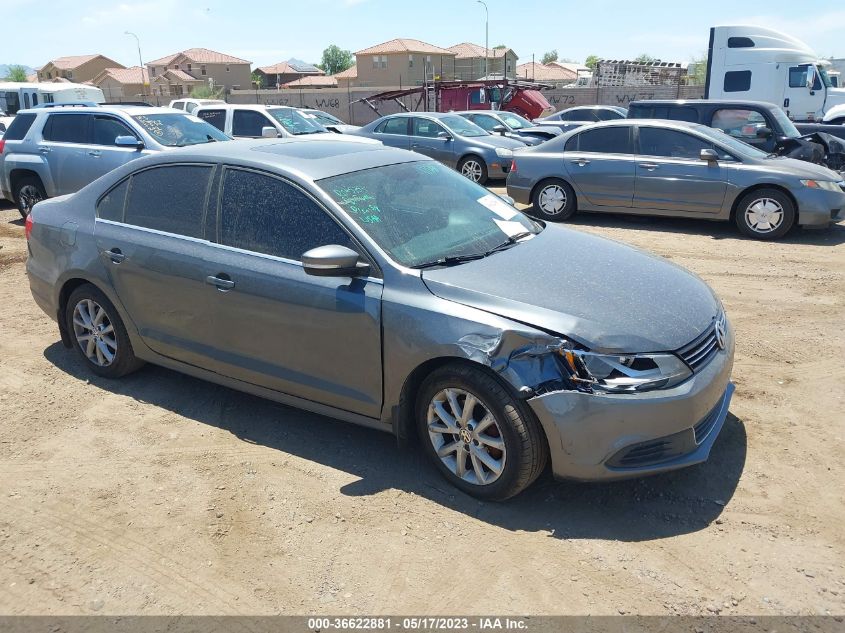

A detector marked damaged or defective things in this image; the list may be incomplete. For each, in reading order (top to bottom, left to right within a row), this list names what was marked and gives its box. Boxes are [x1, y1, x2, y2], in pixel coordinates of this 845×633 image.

damaged gray sedan [28, 137, 732, 498]
damaged headlight [556, 348, 688, 392]
dented front bumper [528, 326, 732, 478]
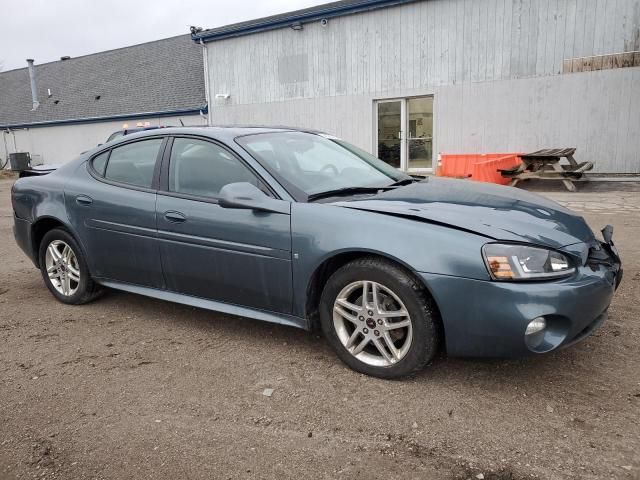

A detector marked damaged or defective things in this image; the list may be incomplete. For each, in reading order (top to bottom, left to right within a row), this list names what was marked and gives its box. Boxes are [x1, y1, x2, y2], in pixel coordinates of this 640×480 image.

damaged blue-gray sedan [8, 127, 620, 378]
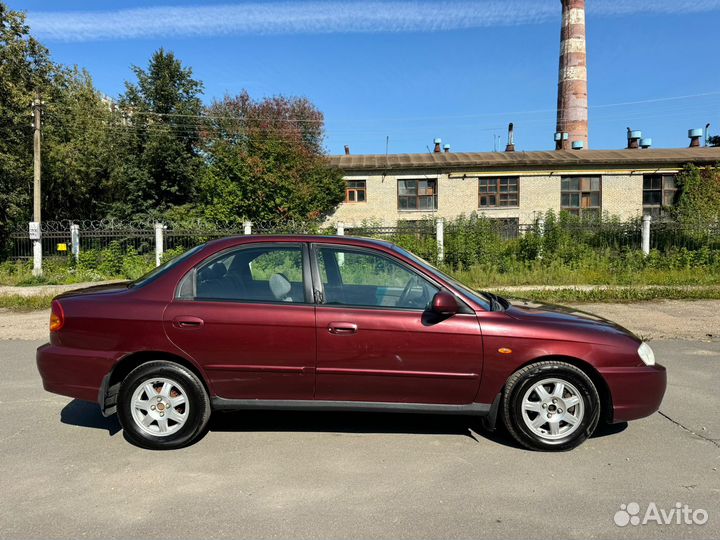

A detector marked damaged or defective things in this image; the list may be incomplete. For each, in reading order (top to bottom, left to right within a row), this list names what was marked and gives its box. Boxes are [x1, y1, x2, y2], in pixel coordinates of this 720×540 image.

pavement crack [660, 412, 720, 450]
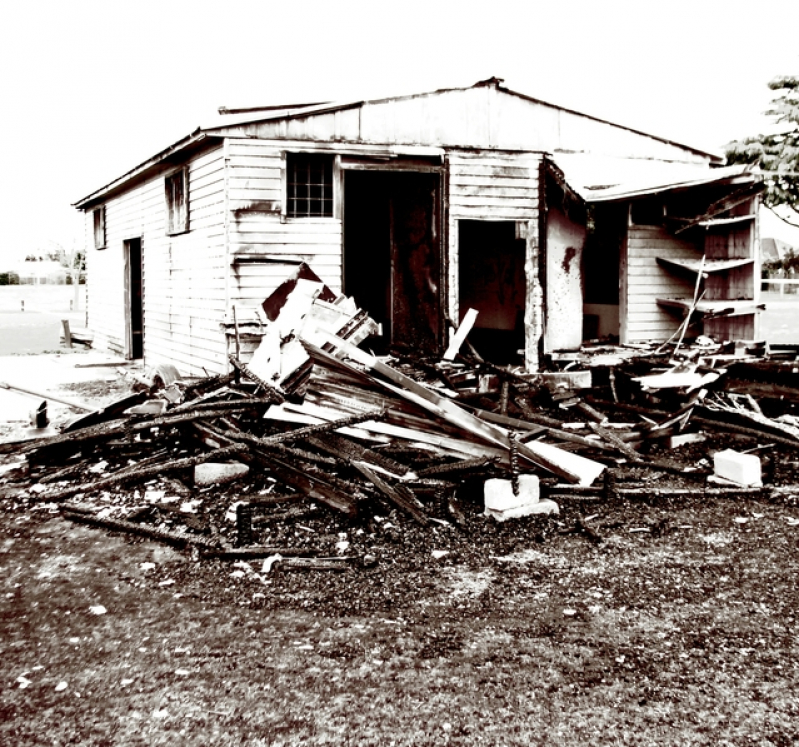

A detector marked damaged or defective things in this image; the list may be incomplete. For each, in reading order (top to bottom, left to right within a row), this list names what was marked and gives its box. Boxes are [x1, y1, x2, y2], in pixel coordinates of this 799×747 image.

damaged wooden building [73, 77, 764, 374]
charred debris pile [1, 268, 799, 568]
fire damage [1, 268, 799, 596]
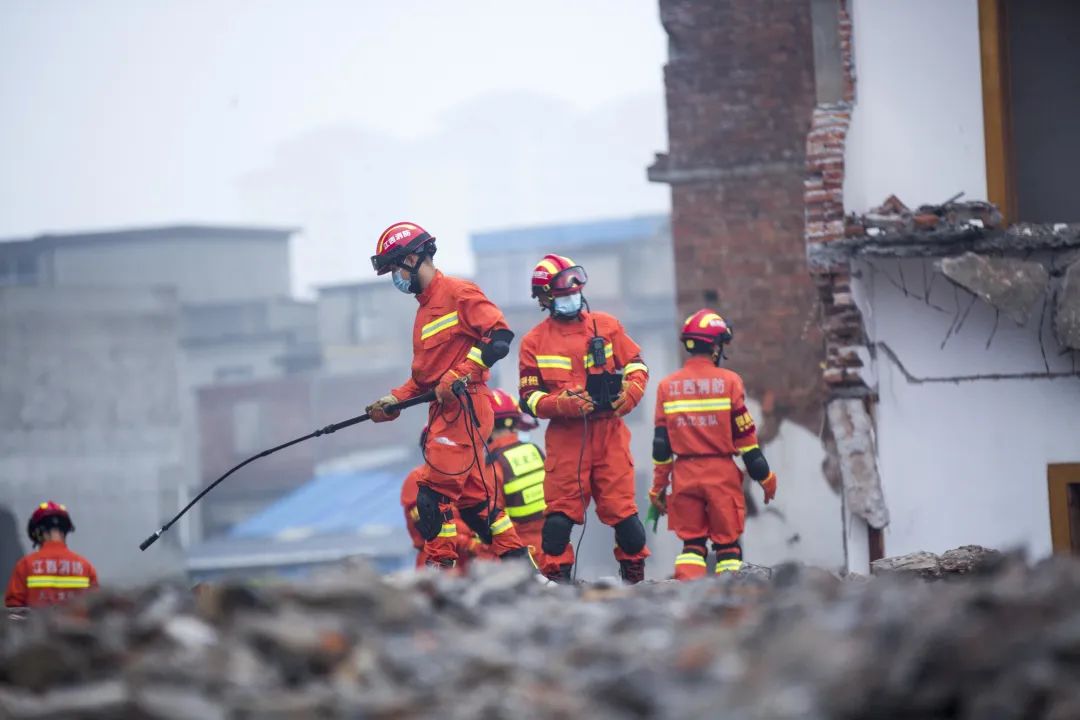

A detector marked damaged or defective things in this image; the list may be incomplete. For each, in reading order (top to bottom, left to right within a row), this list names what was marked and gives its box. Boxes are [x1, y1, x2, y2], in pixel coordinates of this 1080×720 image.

damaged brick wall [652, 0, 824, 434]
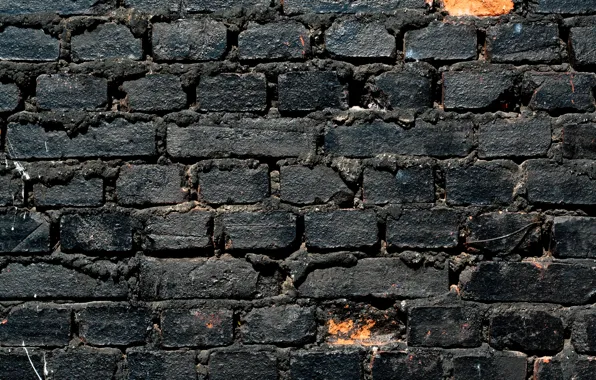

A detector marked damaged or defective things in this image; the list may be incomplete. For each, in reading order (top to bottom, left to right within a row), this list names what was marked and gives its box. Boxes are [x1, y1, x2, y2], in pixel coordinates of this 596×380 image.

orange rust stain [440, 0, 516, 16]
orange rust stain [324, 320, 380, 346]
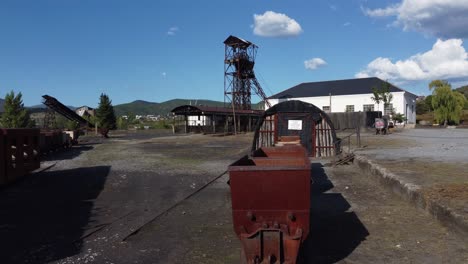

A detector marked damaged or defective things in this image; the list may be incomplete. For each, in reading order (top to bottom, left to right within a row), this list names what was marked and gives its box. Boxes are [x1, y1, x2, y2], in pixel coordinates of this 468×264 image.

rusty metal machinery [225, 35, 272, 110]
rusted foreground equipment [0, 129, 40, 185]
red-brown rusted surface [0, 129, 40, 185]
rusted metal container [0, 129, 40, 185]
rusted foreground equipment [228, 145, 308, 262]
rusted metal container [228, 145, 308, 262]
red-brown rusted surface [228, 145, 310, 262]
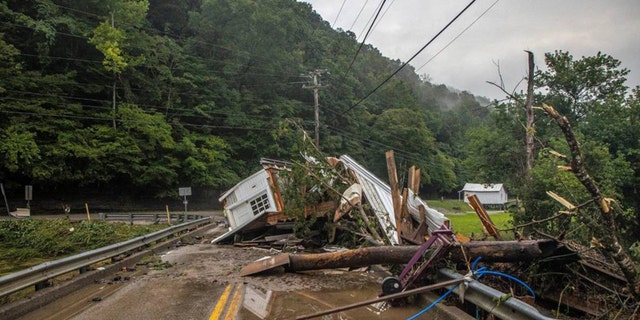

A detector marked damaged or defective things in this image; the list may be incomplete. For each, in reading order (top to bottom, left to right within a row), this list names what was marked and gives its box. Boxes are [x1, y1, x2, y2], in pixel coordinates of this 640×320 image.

───

Every line above should be printed again word for word, without its pictures.

A detector marked damaged or defective things in this image; the list may be incomplete. For each, in reading order (top to bottom, left to right within a row), this list names what was marked and gives its box. Boxes are [x1, y1, x2, y2], in pixel coordinates of this 845×633 image.

damaged gray sedan [28, 137, 732, 498]
damaged headlight [556, 348, 688, 392]
dented front bumper [528, 326, 732, 478]

A detector marked damaged or defective things in this image; the list may be incomplete. For each, in reading order (top to bottom, left to right within a row), this list names what was marked and gives its box. Boxes are [x1, y1, x2, y2], in pixel coordinates of this 640×480 image.

damaged blue-gray sedan [8, 127, 620, 378]

A detector marked damaged or defective things in this image; the list may be incomplete. For each, in reading order (top to bottom, left to right within a row), this list names what was marked and gives its box. Boxes are [x1, y1, x2, y2], in pixel coordinates of this 720×540 image.

pavement crack [660, 412, 720, 450]

A detector marked damaged or defective things in this image; the list may be incomplete. For each, in reading order (top to bottom, left to right within a row), this list names what was marked and gives its box. Boxes are [x1, y1, x2, y2], in pixel coordinates of this 799×747 image.

damaged wooden building [73, 77, 764, 374]
charred debris pile [1, 268, 799, 568]
fire damage [1, 268, 799, 596]

A detector marked damaged or defective things in this image; the list may be incomplete. For each, in reading order (top to bottom, left to right within a row), this list names what was marked and gives its box. Boxes are [x1, y1, x2, y2], in pixel coordinates of this 1080×720 image.

damaged brick wall [652, 0, 824, 434]

A detector marked damaged or defective things in this image; the list may be incomplete. For each, in reading order (top to bottom, left to right within a row), this list names what was marked and gives its box. Boxes are [x1, y1, x2, y2], in pixel coordinates of this 596×380 image.

orange rust stain [440, 0, 516, 16]
orange rust stain [324, 320, 380, 346]

A detector marked damaged or defective things in this image; the list may be incomplete. For each, in reading order (top to bottom, left to right within a row), this list names what was marked and gives its box. Boxes are [x1, y1, x2, y2], in pixel coordinates of this 468×264 image.

rusty metal machinery [225, 35, 272, 110]
rusted foreground equipment [0, 129, 40, 185]
red-brown rusted surface [0, 129, 40, 185]
rusted metal container [0, 129, 40, 185]
rusted foreground equipment [228, 145, 308, 262]
rusted metal container [228, 145, 308, 262]
red-brown rusted surface [228, 145, 310, 262]

A detector marked damaged or defective things in this image; the list may be incomplete. For each, in reading order (top to bottom, left to right within a row), this list names what was marked and gives its box. Boxes are [x1, y1, x2, y2], in pixel coordinates of this 640×320 image.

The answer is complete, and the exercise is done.